Google Buys reCAPTCHA For Better Book Scanning

TimmyC writes "This story may interest the Slashdot folk, many of whom use the reCAPTCHA anti-spam service. Well, reCAPTCHA is now owned by Google. Apparently, what attracted Google to ReCAPTCHA is that the company has linked its core authentication service with efforts to digitize print books and periodicals. The search giant has a massive (and controversial) effort underway in that area for its Google Books and Google News Archive services. Every time people solve a CAPTCHA from the company, they are also, as a byproduct, helping to turn scanned words into plain text that can be indexed and made searchable by search engines. Interesting times indeed."

1 of 138 comments (clear)

  1. Re:WTF Summary by Rich0 · · Score: 0, Offtopic

    Maybe next election when there's hanging chads they can use that as a captcha.
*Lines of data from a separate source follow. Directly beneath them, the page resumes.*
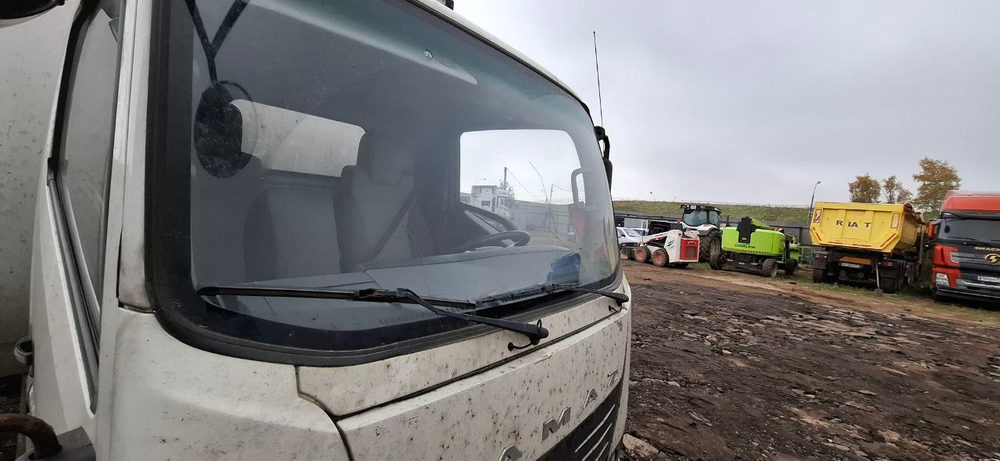 ГРУППА ПРОМАВТО 1736* на шасси КамАЗ 43085 4x2 Изотермический/рефрижератор 1736ZС (Рефрижератор, Диз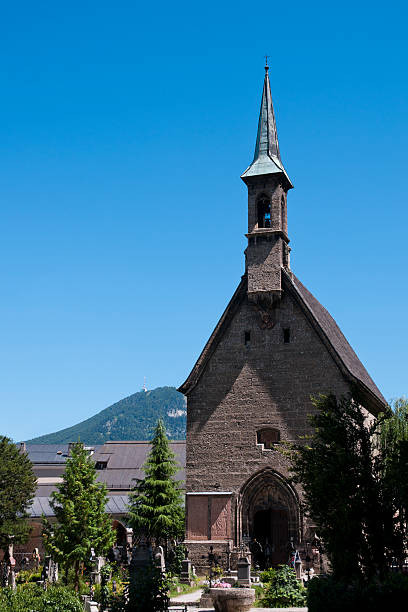 istock St Margaret chapel and St Peter cemetery 537258280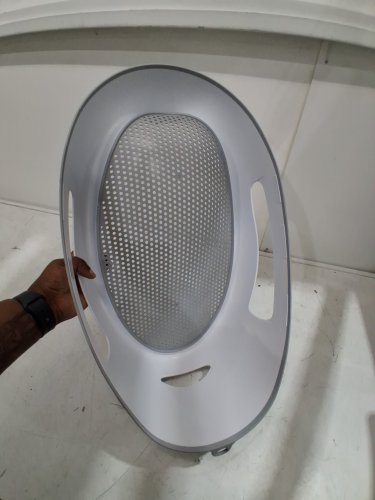 ANGELCARE BABY BATH SUPPORT - 0 to 6M/20LBS MAX - grey/white (MODEL: ‎ST-01-PK-CA / i000545) image 4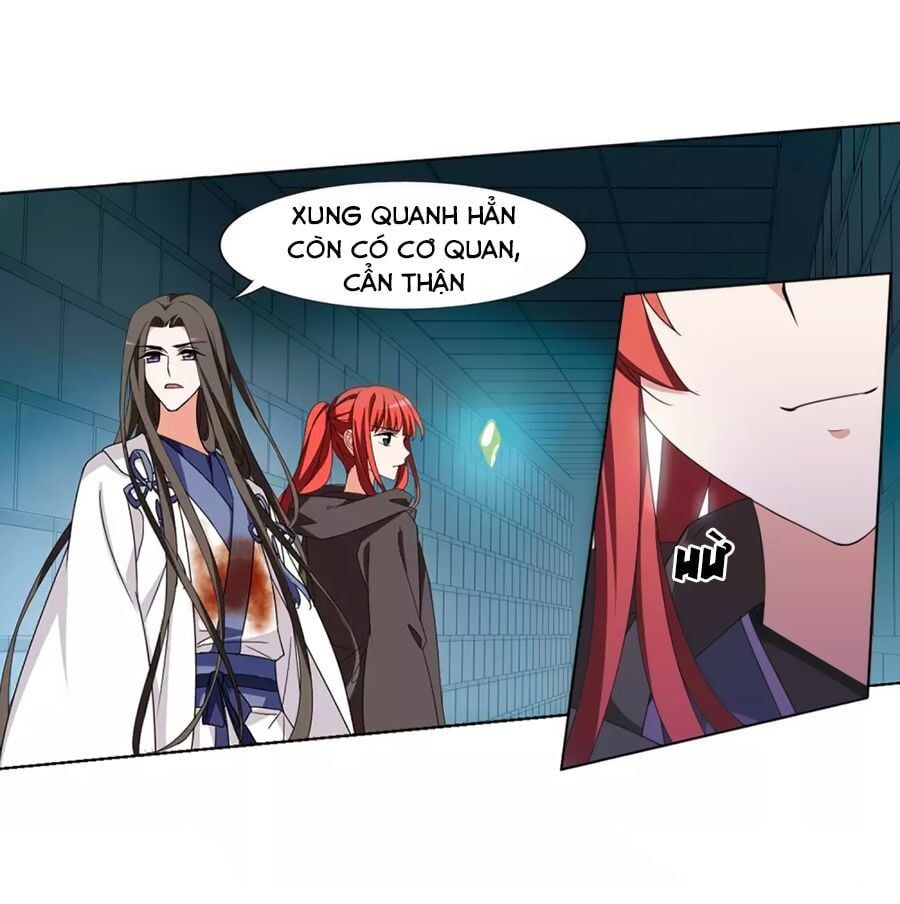 đọc truyện Phượng Nghịch Thiên Hạ Chương 370 ảnh 16 tại Thiên Thai Truyện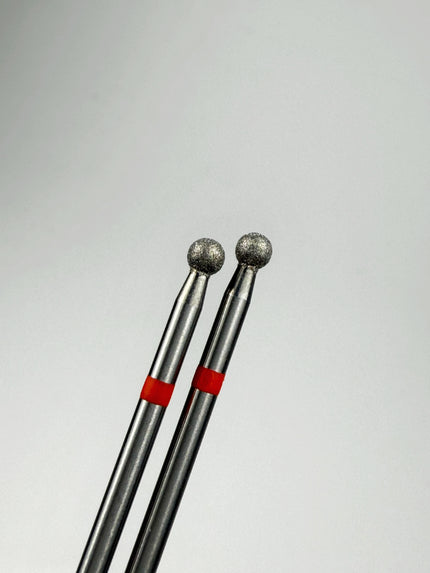 Ball Bit (Fine), medium - Diamond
    It would certainly be a lot more fair than the current process - which is a bunch of cronies each interpret the results to their preferred candidate's advantage and then a judge settles it.

    Of course, the better solution is to not have such ambiguity in the first place.

    If you wanted to implement a system for interpreting analog votes here is what I'd do:

    1. All ambiguous votes are digitized. Of course, the definition of "ambiguous" is itself ambiguous - if somebody solidly fills in one circle and leaves one dot in another, is that ambiguous? What constitutes a stray mark vs a double-vote? I guess you could err on the side of caution, or maybe put all votes through the digitizer.

    2. The digitizer chops up each vote into individual boxes and then presents them to a user in random order. For example, if the Gore box is on the left on the ballot, it could be on the left or on the right in the presented ballot.

    3. The human interprets the vote. They have no cues to actually determine who the vote is for - just whether a given box was selected.

    4. Each vote is given to sufficient numbers of people that a high-confidence vote can be selected. If you get 3 people who agree then maybe that's enough. If you get any disagreements maybe you keep asking for opinions until one response has a significant margin. Maybe votes are tossed entirely at some threshold.

    The key is that those looking at ballots should not be able to tell which boxes correspond to which candidates. That will eliminate the bias from the system.

    Again, in my opinion computers should generate human-readable ballots - so that the computer validates the ballot BEFORE the voter submits it. No issue with stray marks if there are no pencils in the room.